Shapes Have Fangs' Dustin Coffey holds forth on 'Kinda Kinks'

Everybody in the pool: (l-r) Skyler McGlothlin, Dustin Coffey, Josh Willis, and Evan McGlothlin
Everybody in the pool: (l-r) Skyler McGlothlin, Dustin Coffey, Josh Willis, and Evan McGlothlin (Photo by Sandy Carson)

It's Monday at Rio Rita, and patrons are lounging around the Eastside bar, waiting to play 45s they brought for the weekly Love & a 45 night. The sweat of a late-July summer night rolls down backs and foreheads, the perfect accent to the crackling, popping, and scratching, all grooves and dust and needle. Sometimes you forget how nice it is to listen to that.

Dustin Coffey pulls out something bigger: a vinyl reissue copy of the Kinks' 1965 sophomore LP, Kinda Kinks, on the now-defunct British label Marble Arch. The cover features the British quartet – brothers Ray and Dave Davies, drummer Mick Avory, and bassist Pete Quaife – standing in a field, dressed in casual primary-color sweaters with dangerously British haircuts.

"These outfits are so good," he laughs. "I've never seen them dressed like that before."

Coffey, the singer and guitarist of local quartet Shapes Have Fangs, picked this album as a band favorite. Kinda Kinks was Ray Davies sharpening his songwriting skills, a vision of what was to come with more critically popular albums like 1968's The Kinks Are the Village Green Preservation Society or 1971's Muswell Hillbillies. It's often slammed for sounding rushed (which it was) or mediocre. Yet the band was on to something, crafting sweat-breaking power chords that set it apart from other British Invasion bands like the Beatles and the Stones. For the early 1960s, it was heavy metal.

"It's such an underrated album; nobody ever talks about it as being their favorite," Coffey muses. "Everything's so simple and stripped down; the drums are so crisp – it's almost like a Stax record. That's one that sort of, at least rhythmically, guided us toward a certain point. More than anything, it was their rhythms."

SHF's R&B pop tones certainly come from revisiting the music of a certain time; Coffey's father introduced him to the Kinks and bands of that ilk, but he and the other members also dig the Meters as much as old country.
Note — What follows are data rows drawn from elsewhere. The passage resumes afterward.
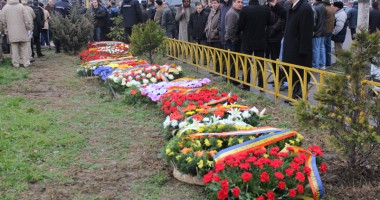 Coroane de flori și slujbe pentru eroii căzuți la Revoluție - 2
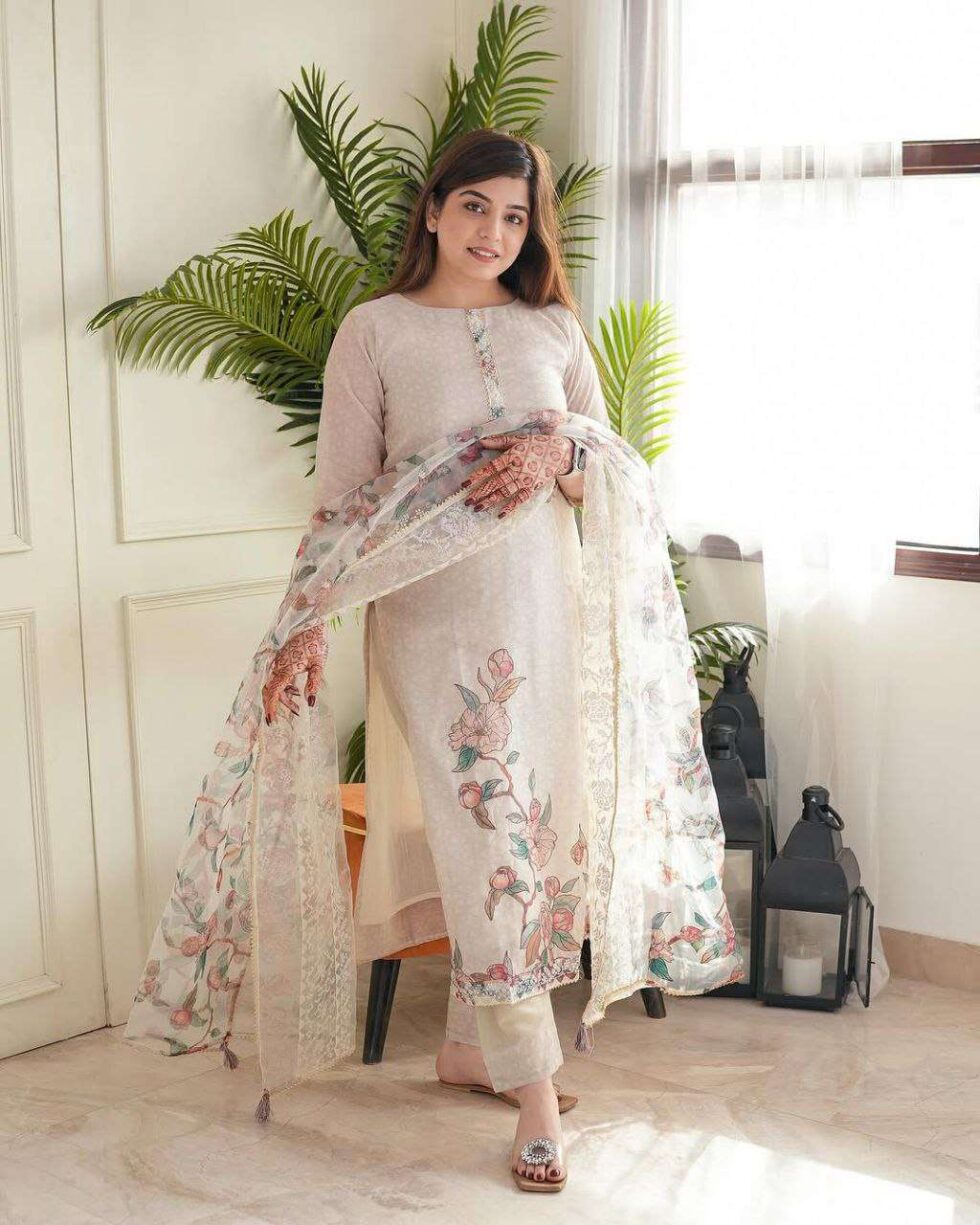 Women's Lilan Cotton Floral Printed Straight Pakistani Kurti with Pant and Dupattta - AllHandmadeGoods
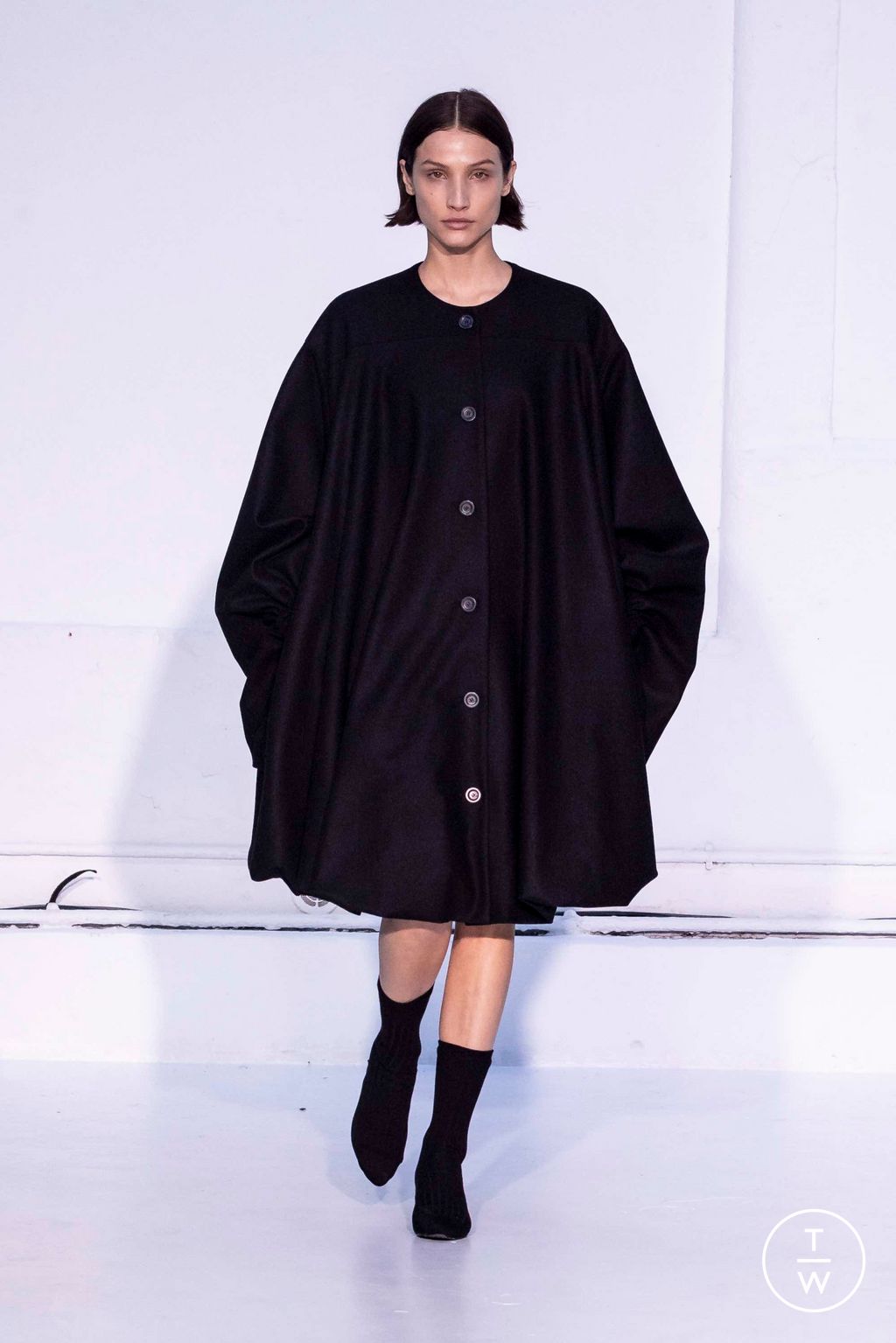 Fashion Week Paris Fall/Winter 2023 look 27 de la collection Dawei womenswear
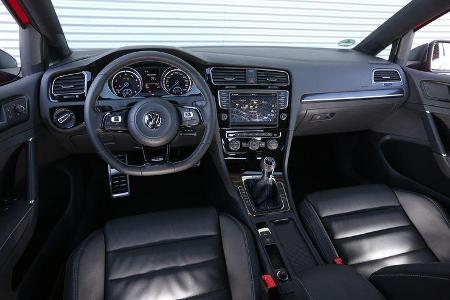 VW Golf R, Cockpit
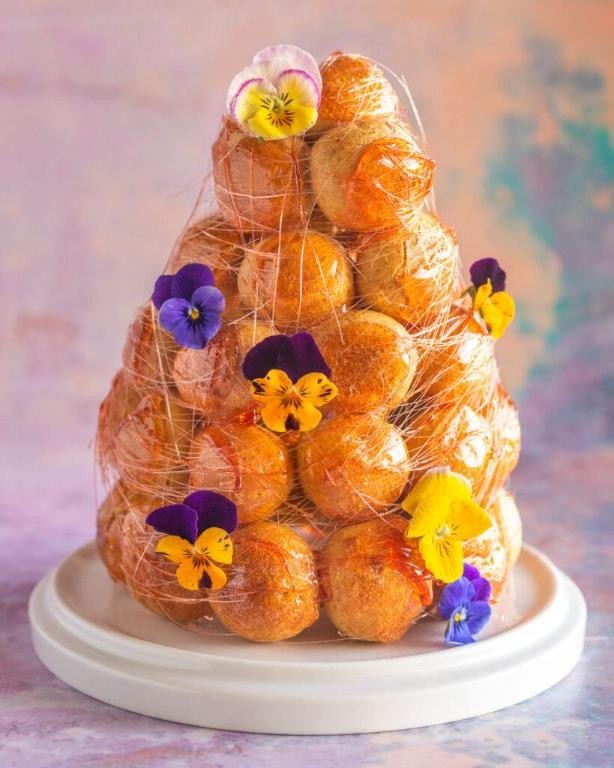Banana Caramel Croque en Bouche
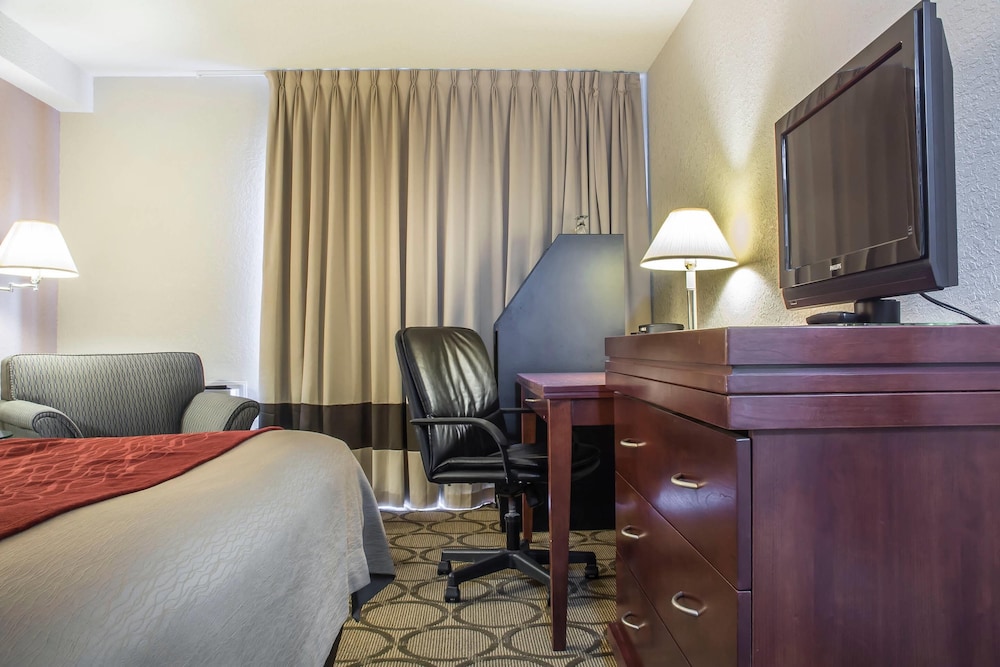 Business Room, 1 Queen Bed, Non Smoking (Upgrade) - Photo 3
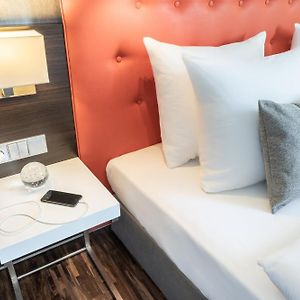 Premium Queen Room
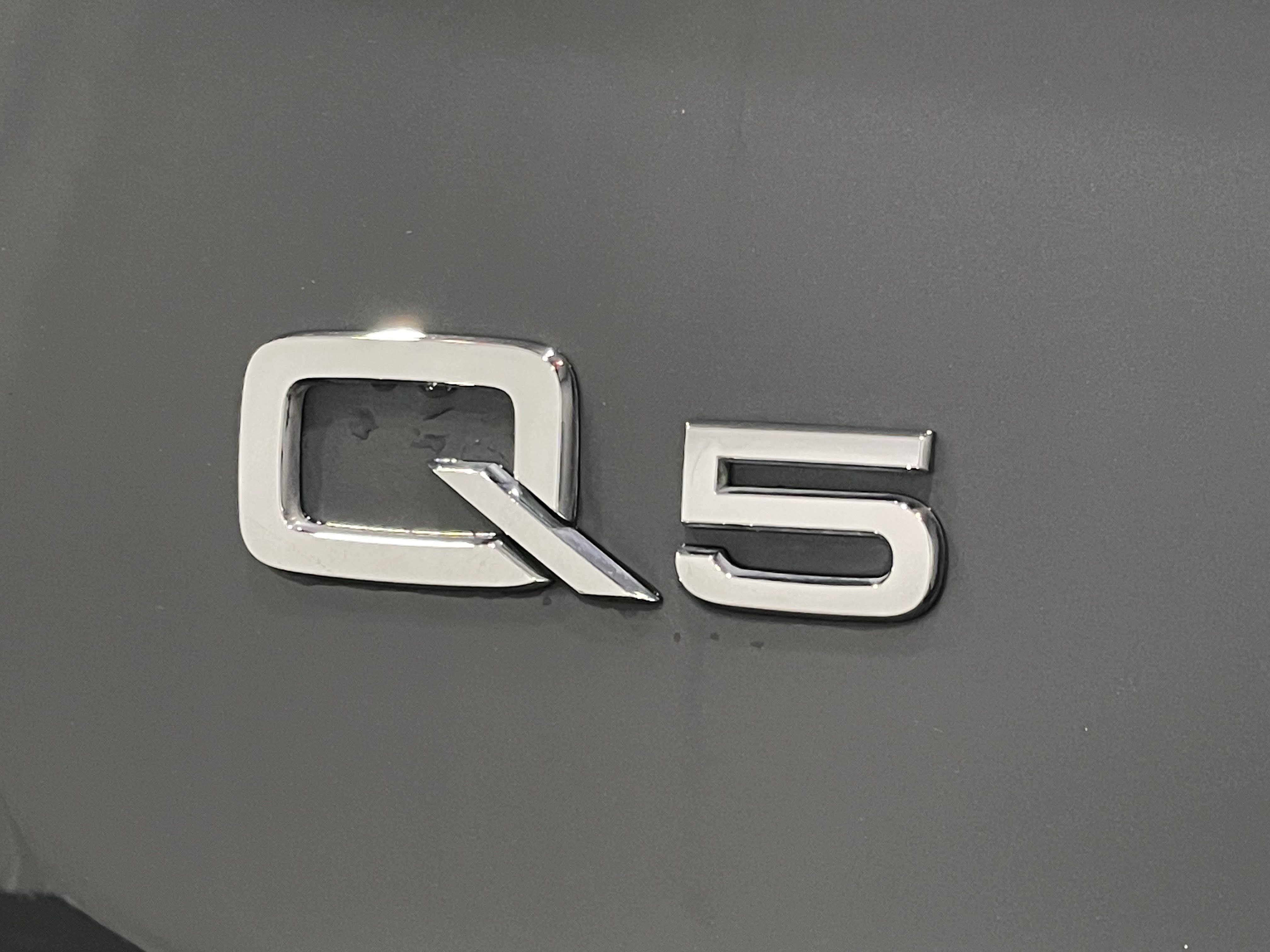 Used 2019 Audi Q5 2.0T Premium Plus w/ Premium Plus Package AWD/4WD image 24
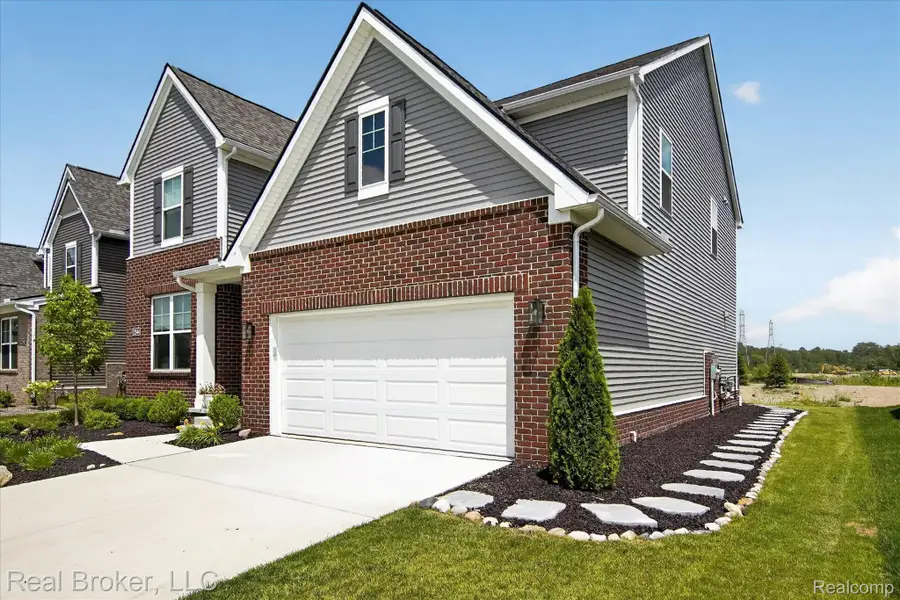 2344 Provencal Drive, Commerce Township, MI 48382 - #2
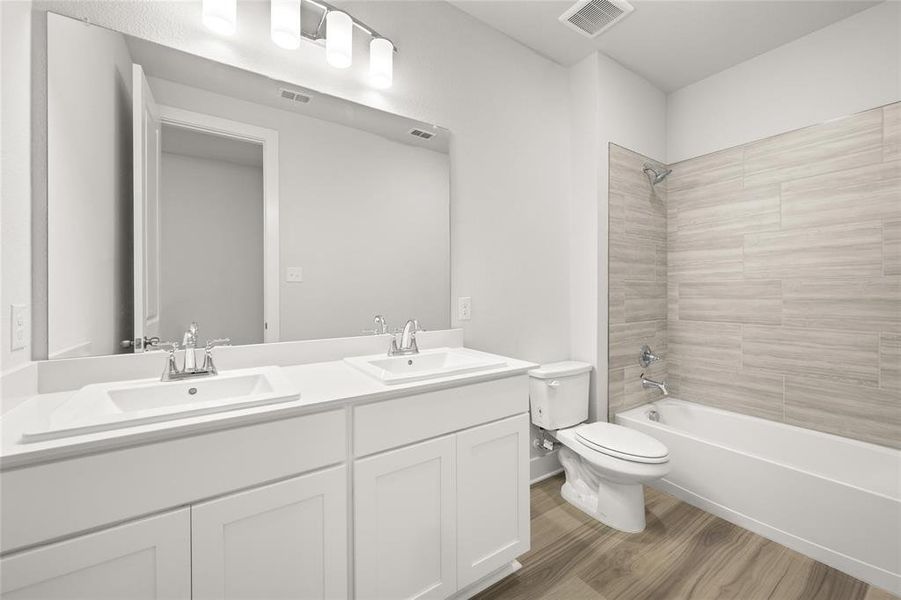 4853 Wildwood Bathroom1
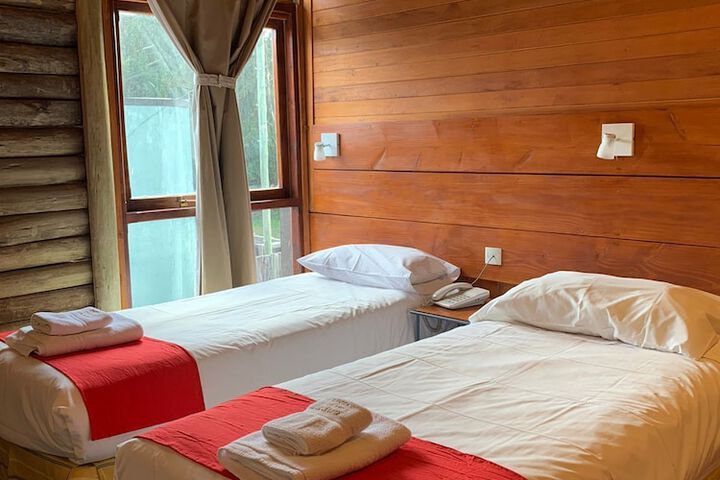 Room 2 of 9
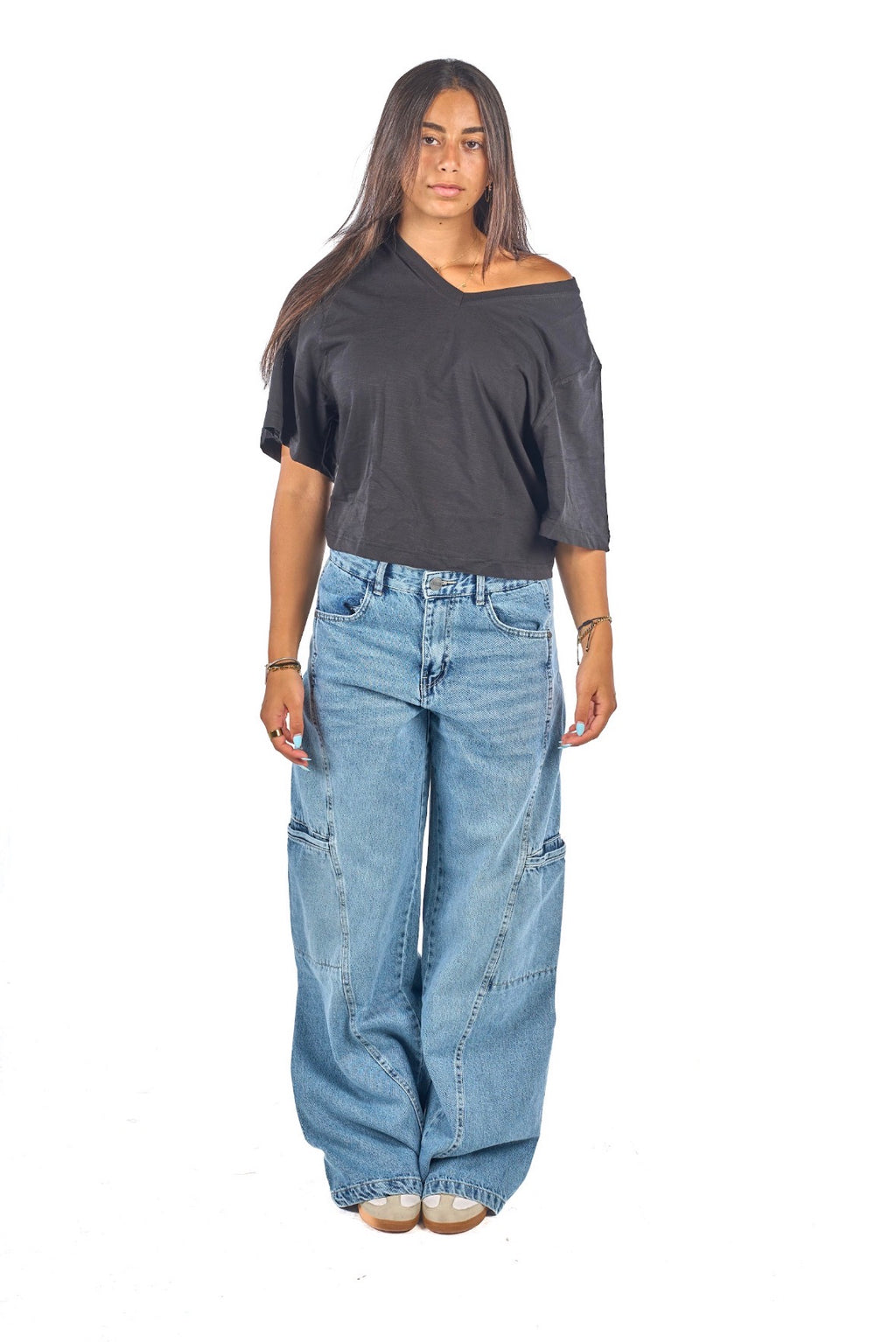 V-neck relaxed tee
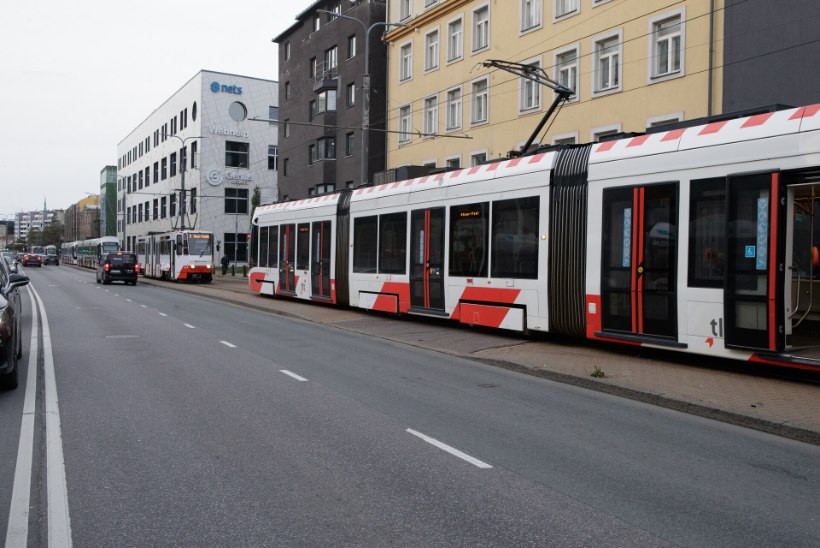 Tallinnas Tartu maanteel seiskus trammiliiklus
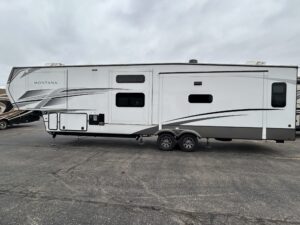 2024 Keystone Montana 3857BR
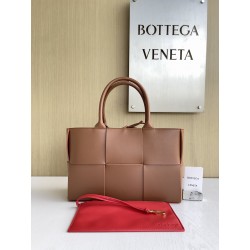 보테가 베네타 Bottega Veneta 652867 Mini Arco Tote 30cm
Shapes Have Fangs aren't trying to replicate that era; they've a reverence for it. Since forming in 2006, they've tweaked and fine-tuned their sound, becoming a tightly wound force live. Coffey stomps down melodies with guitarist/keyboardist Skyler McGlothlin, as brother/drummer Evan McGlothlin and bassist Josh Willis lock into a groove and ride it hard. It's the kind of music that would sound good with those snaps and pops. Alas, a 7-inch is set to come out next month on Austin's Business Deal records, with a full-length following next year.


Austin Chronicle: You talk a lot about rhythms. What are some of the songs that really nail that?

Dustin Coffey: Well, of course, "You Really Got Me" and "All Day and All of the Night," that chugging sound, and the album opens with "Look for Me Baby," which has that real syncopated rhythm. They weren't doing Merseybeat, but they weren't doing typical blues either. "Got My Feet on the Ground" and "Wonder Where My Baby Is Tonight" are almost like country rhythms sped up. There were all these different speeds. "Everybody's Gonna Be Happy," we studied that one for a long time. It's almost a rave-up rhythm, but Mick Avory's playing like a beat behind. It took me awhile to figure out what he was doing, basically taking a standard R&B rhythm, like something someone would sample for a hip-hop beat today, and instead of starting on the one, he starts a beat later. It creates another rhythm altogether. When I figured out what they were doing, it blew my mind.

AC: So, this album became a kind of framework for the band?

DC: It was the aesthetics: the drums, the bass, relying on rhythm rather than trying to write a bunch of pompous arrangements. I've heard people say the production on this album isn't very good, that it's not as dynamic as the later stuff. This album came out right before the Beatles' Rubber Soul, and Brian Jones, what he was doing with the Stones at the time, he's kind of credited with introducing this ragga flavor, but a song like "See My Friends," which came out months before, introduced those chords.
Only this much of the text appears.